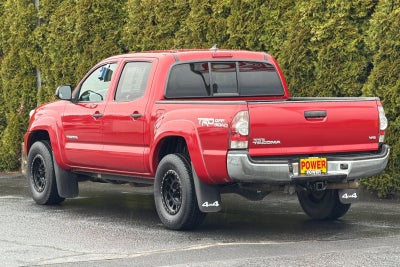 2014 Toyota Tacoma DBL CAB 4WD V6 MT
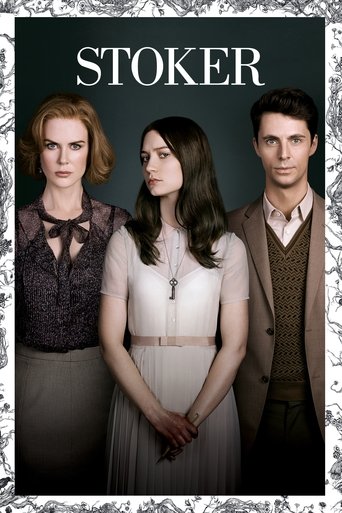 Stoker Poster of Stoker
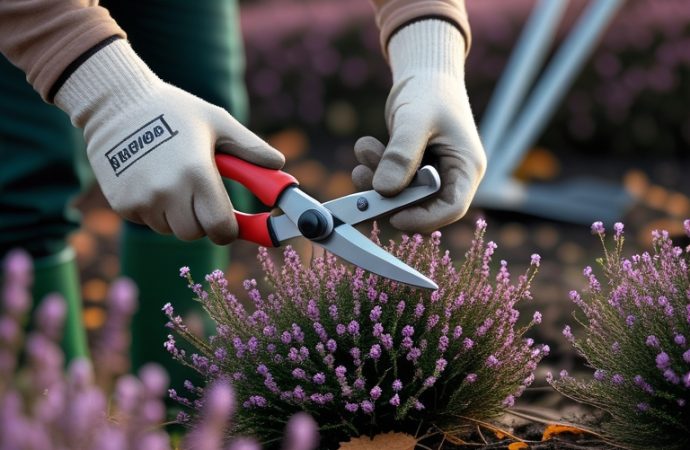 Najlepszy moment na przycinanie wrzosów – wczesna czy późna jesień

■ ■ ■

DIRECTIONS FOR THIS TASK >>
Repeat the listing above in full, exactly, and omit its pictures.

RESULT OF THE EXERCISE >>
 2014 Toyota Tacoma DBL CAB 4WD V6 MT
 Stoker Poster of Stoker
 Najlepszy moment na przycinanie wrzosów – wczesna czy późna jesień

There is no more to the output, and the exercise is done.